My publishing activities have often converged with my curatorial projects that call for distinct skills and I am fortunate to have been involved with projects where I could hone both my editorial and writing abilities. The first significant project that called for my editorial work, was the Royal Academy's Africa the Art of a Continent. I worked on this book as the co-ordinating editor supporting the curator/editor Tom Phillips and liaising with its more sixty-eight world renowned contributors. The book is a weighty tome of over 600 pages that documents the entire continent, including ancient Egypt and Nubia and north and northwestern Africa as well as the sub-Saharan region. Each object is reproduced in color and accompanied by extensive catalog entries written by over 60 expert contributors. The catalog section is preceded by five essays contributed by major scholars in the field. The essays discuss the nature of African art and its appreciation.
Although, on a smaller geographical scale, my work as editor/curator of Fifty Year-Fifty Artists for the School of Visual Arts in Jamaica involved similar logistical and communication skills. This book required my liaison with fifty artists and a dozen essay writers, co-ordinating their resumes as well as writing their biographies.In addition, I was commissioned to write two essays, the first being the historical introduction about the College's history and the second examining the development of its fine arts programs. Fifty years-Fifty Artists demonstrated the dramatic development in the teaching of Fine Arts since the Jamaica School of Arts and Crafts received its charter back in the 1950s under the guidance of its founder, the sculptor Edna Manley. It has moved from a hierarchical academy approach that was historically the norm in almost all European art institutions, towards a methodology that is post-modern and more finely tuned to the needs of its Caribbean students. This transition from apprenticeship to ownership has been gradual, but it has revolutionised the way that artists see, articulate and communicate visually. Evidence of this is seen everyday in the growing confidence of students’ visual expressions. Today it is possible to speak of an art historical tradition and a lineage of artistic styles reflected in a young artists work. It is now possible to speak about generations of painters and discern a qualitative difference between vanguard graduates of the 1960s and the rebel followers of the 1980s. This is a mark of the School of Visual Art’s maturity.

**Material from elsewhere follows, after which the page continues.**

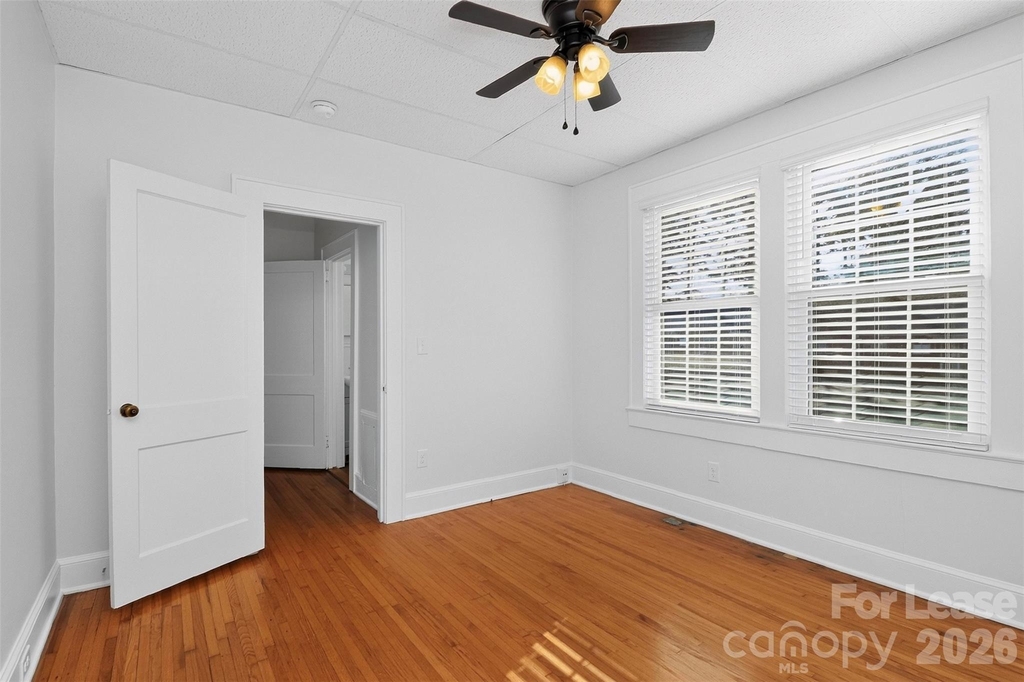 912 S York Street - Photo 13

I was also invited to create an exhibition of the same name featuring contemporary works of all fifty artists as well as a historical survey complete with vintage works for the College's Collection and the National Gallery of Jamaica. The publication and exhibition in 2003 that marked the college's anniversary became the inaugural exhibition for the college's art gallery [cage] in it's newly built library, while the book has become a showcase publication for the college. Following both of these projects, I went on to become the consultant/head art history for the college and to implement a database project for its library (see below).

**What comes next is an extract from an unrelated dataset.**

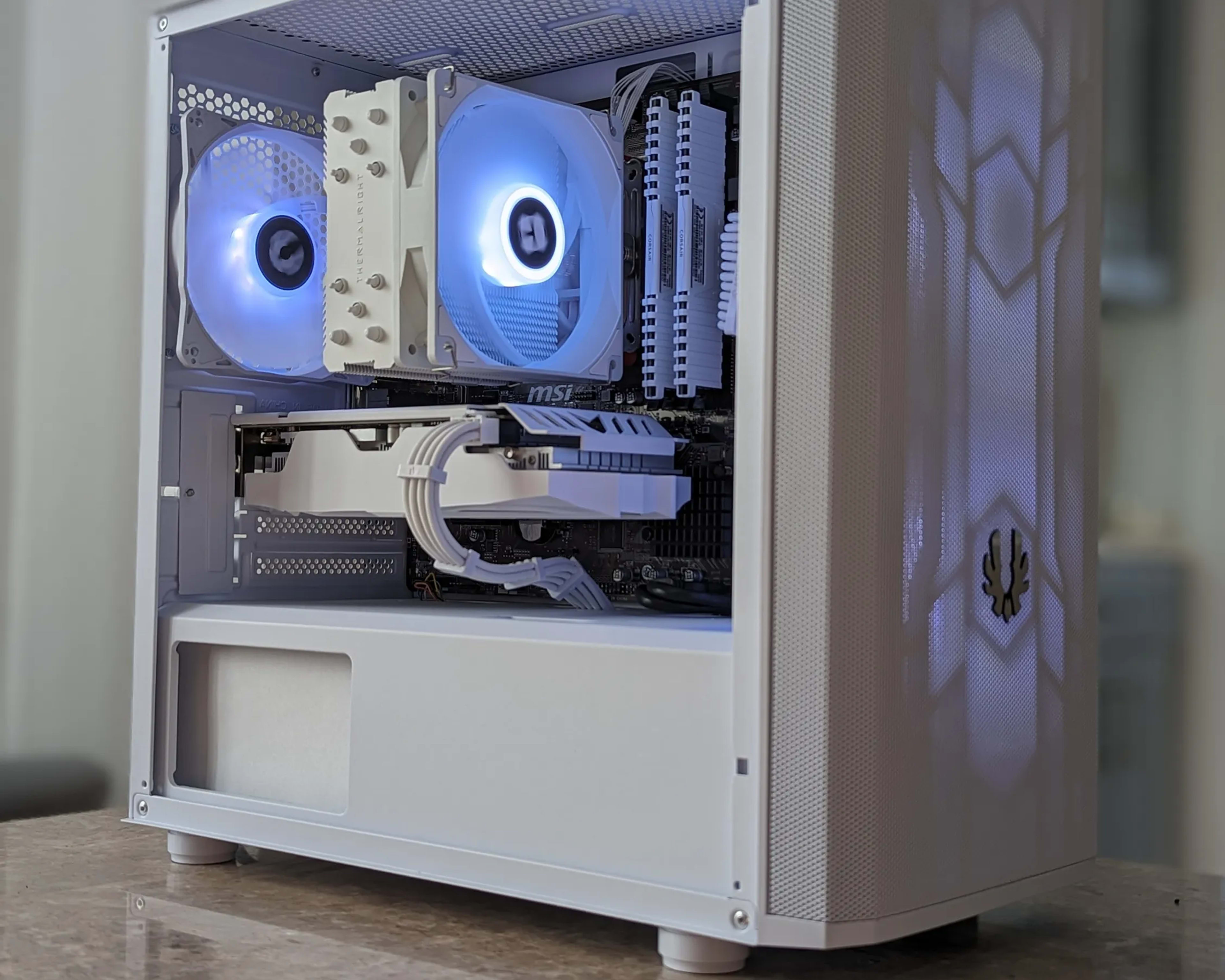 Ryzen 5 2600, RX 5500XT White Gaming/Streaming PC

While based in Jamaica, I continue to make a contribution to the arts and Caribbean publishing. I am currently the Arts Editor for the Jamaica Journal, that country's most prestigious quarterly for the sciences and arts, published by the Institute of Jamaica. In addition to evaluating, editing and commissioning scholarly texts, I regularly contribute my own articles, see for instance “Desperately Seeking Africa” Jamaica Journal, 2004, “Diaspora Families in Black and White”, Jamaica Journal, 2006, The Arts (Review),“ Belisario: Art and Emancipation in Jamaica“,Jamaica Journal, 2007 and a forthcoming article “The Other Belisario“, Jamaica Journal, 2009.